Could be to do with mozilla-unified.
Summary: Autoland bustage: abort: No such file or directory: '/home/worker/workspace/build/src/js/src/jit-test/lib/nightly-only.js' when cloning → All central/integration trees bustage: abort: No such file or directory: '/home/worker/workspace/build/src/js/src/jit-test/lib/nightly-only.js' when cloning
Updated the clonebundles.manifest for mozilla-unified (as well as index.html and bundles.json in S3 for all regions) to use yesterday's bundles (dc186bad8bd537919a15722a1a79dd46660f95f1):

$ hg clone https://hg.mozilla.org/mozilla-unified
destination directory: mozilla-unified
applying clone bundle from https://hg.cdn.mozilla.net/mozilla-unified/dc186bad8bd537919a15722a1a79dd46660f95f1.zstd-max.hg
adding changesets
adding manifests
adding file changes
added 413306 changesets with 2301183 changes to 378337 files (+11 heads)
finished applying clone bundle
searching for changes
adding changesets
adding manifests
adding file changes
added 845 changesets with 4211 changes to 2268 files
updating to branch default
234073 files updated, 0 files merged, 0 files removed, 0 files unresolved
$ ls -F mozilla-unified/js/src/jit-test/lib/nightly-only.js
mozilla-unified/js/src/jit-test/lib/nightly-only.js

There are no error messages that I can find from the bundle generation, so leaving the NI on :gps to figure out where this went off the rails.
What we know so far is that the stream bundle[1], for some reason, didn't contain the nightly-only.js file. The other bundles weren't affected (I actually only checked the v2 gzip bundle, I'm only assuming the zstd one was good too).
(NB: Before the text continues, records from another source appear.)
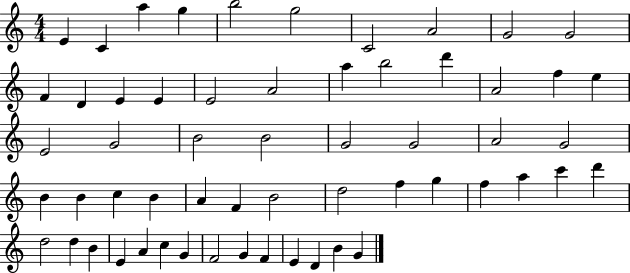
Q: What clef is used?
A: treble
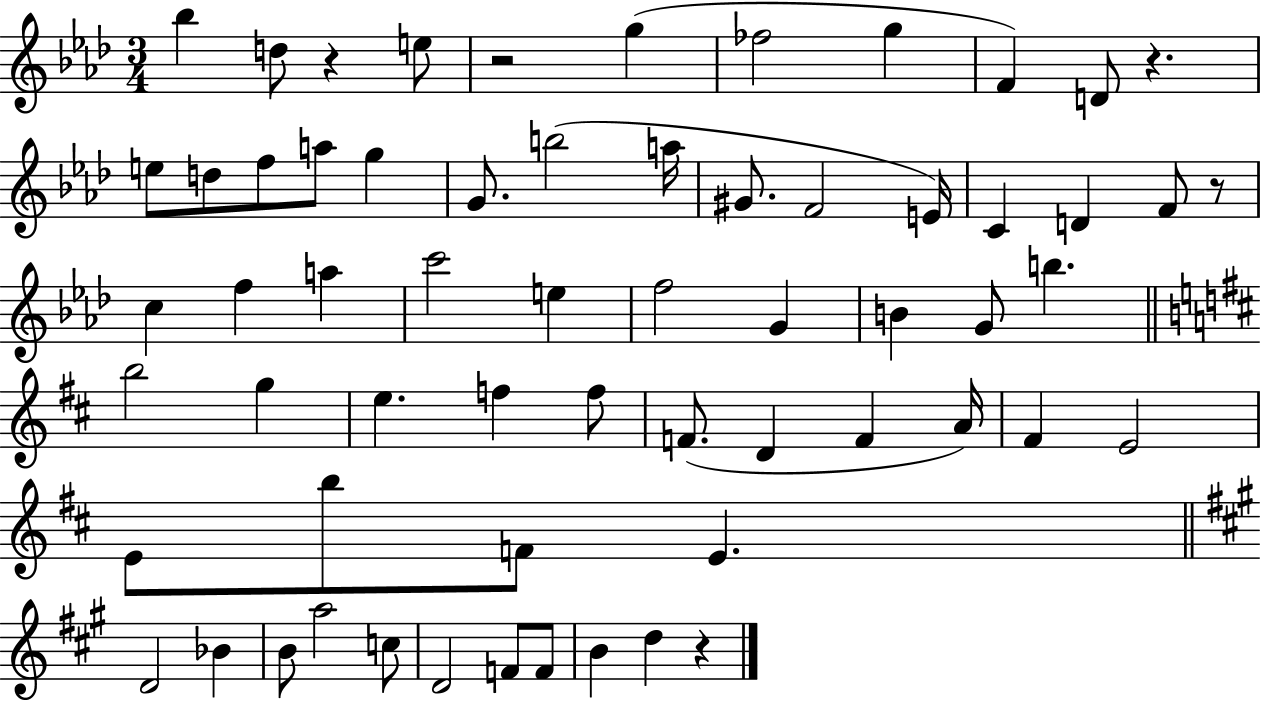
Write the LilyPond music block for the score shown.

{
  \clef treble
  \numericTimeSignature
  \time 3/4
  \key aes \major
  bes''4 d''8 r4 e''8 | r2 g''4( | fes''2 g''4 | f'4) d'8 r4. | \break e''8 d''8 f''8 a''8 g''4 | g'8. b''2( a''16 | gis'8. f'2 e'16) | c'4 d'4 f'8 r8 | \break c''4 f''4 a''4 | c'''2 e''4 | f''2 g'4 | b'4 g'8 b''4. | \break \bar "||" \break \key d \major b''2 g''4 | e''4. f''4 f''8 | f'8.( d'4 f'4 a'16) | fis'4 e'2 | \break e'8 b''8 f'8 e'4. | \bar "||" \break \key a \major d'2 bes'4 | b'8 a''2 c''8 | d'2 f'8 f'8 | b'4 d''4 r4 | \break \bar "|."
}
1. https://s3-us-west-2.amazonaws.com/moz-hg-bundles-us-west-2/mozilla-unified/df3915693fa3bec56bacc17a4f2588f99ab635b4.packed1.hg
Thanks :glandium for suggesting this idea and :pmoore for pointing in the right direction for the tools to use:

We're about to use this[1] etherpad to clear the "level-3-checkouts-v1" caches on Prov/workerType of instances which failed for this reason. Hopefully this will make them repush that clone with the backed-out that :fubar pushed in 
https://bugzilla.mozilla.org/show_bug.cgi?id=1386528#c3

[1]: https://public.etherpad-mozilla.org/p/clearing_caches
level-1-checkouts-v1 needs a cleanup too, for try.
Used the method from https://bugzilla.mozilla.org/show_bug.cgi?id=1386528#c6 to purge cache for the following:

Provisioner ID: aws-provisioner-v1
Worker type:  gecko-decision
Cache Name: level-3-checkouts
Sample: https://tools.taskcluster.net/tasks/Y4U8Y-EIRXyrNWugp8U7Ow

The decision task went green after purging cache + rerun.
Following above pattern, please let me know what else you need to purge.
Whiteboard: [stockwell infra]
This is a really wonky failure.

https://hg.mozilla.org/mozilla-central/rev/3232054e0a93 introduced the missing file in question. The changeset itself appears to be well-formed.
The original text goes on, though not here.